This post is the product of seeing over the last six to nine months endlessly repeated claims by people that this kernel or that kernel is more stable, runs cooler, has better battery life, runs faster, etc.
This post isn't meant to knock those who like to build kernels. I like to build kernels. The guys who build kernels like Chevy and Jdlfg are nice guys. It seems like the end users who don't work on these kernels have no idea what actually goes into building a kernel. Well, to be honest, not that much goes into building a kernel. It's pretty easy to do and the kernels by Bekit, Chevy, AdamZ, P3Droid, Jdlfg, are all more or less the same.
While many of you may already know some of what will follow, many don't. My hope is that with this post I can at least to some degree put an end to all the hype surrounding kernels and kernel development.
The Life of A Kernel
A stock kernel for the Droid is born when a person downloads the kernel source code from the Android Open Source Project.
That person then builds the kernel against a generic kernel configuration (sholes_defconfig) that comes as part of the download and is compatible with the Droid.
Customizing The Generic Kernel
The customization that may be done to the kernel is fairly limited. The developer may change the available frequencies, the voltages used for those frequencies, and they may modify some of the configuration options to enable or disable certain features.
Each frequency has a corresponding voltage so the developer can try to use a lower voltage or a higher voltage depending on what kind of kernel he's making. Some Droids can run low voltage and some can't due to tolerances allowed by the semiconductor manufacturer during production of the ARM Cortex CPU. The voltage is represented in code as a hexadecimal value, and some kernel developers do not know what this value represents in mV (millivolts). Lower voltage means a cooler phone and longer battery life.
Short of actually seeing the voltages used by the kernel, there's no way to know if your "low voltage" kernel is lower than another "low voltage" kernel. I've seen "low voltage" kernels that used stock voltages and in fact had top frequency voltages beyond the Vmax of 1.8 volts specified in the ARM Cortex technical reference manual.
The generic kernel has seven slots and maxes out at 800 mhz. The developer can change the frequencies in these seven slots but as of kernel 2.6.32, they cannot change the number of slots. This is why all Froyo kernels have seven slots. The higher the frequency, the more voltage is needed to boot the phone and remain stable under load.

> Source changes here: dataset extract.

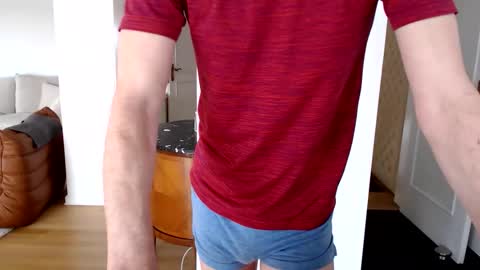 Snapshot of wave3210 chatting on April 4, 8:56 am wave3210 online show from April 4, 8:56 am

The developer can modify the generic configuration to include things like:
LZO compression (Swap/Compcache support)
These can be built as part of the kernel or as loadable modules.
Beyond these standard modules most of the more popular kernels on the market today are almost identical to the generic configuration.
The exception that I'm aware of are the configuration files of Bekit's Eclair kernels which had a large number of changes but these changes were simply based off of changes in the CyanogenMod kernel. Bekit himself would freely tell you that he didn't know what most of them did.
Kernel Code Changes
99% of the kernels available for the Droid have no source code changes beyond the changes to the frequency list mentioned above.
There is one small patch some developers have applied to support swap/compcache but this amounts to three or four lines of code modified by a script.
The one exception that I'm aware of are Jake Day's Droid kernels which contain (according to Jake) some 30,000 lines of modified code.
Outside of choosing a kernel because you need TUN, or because you want to use the new changes to read the OMAP sensor to track real time CPU temperatures, the only real difference that exists is how stable a kernel is on your hardware - getting back to the fact that some phones run better on higher voltage.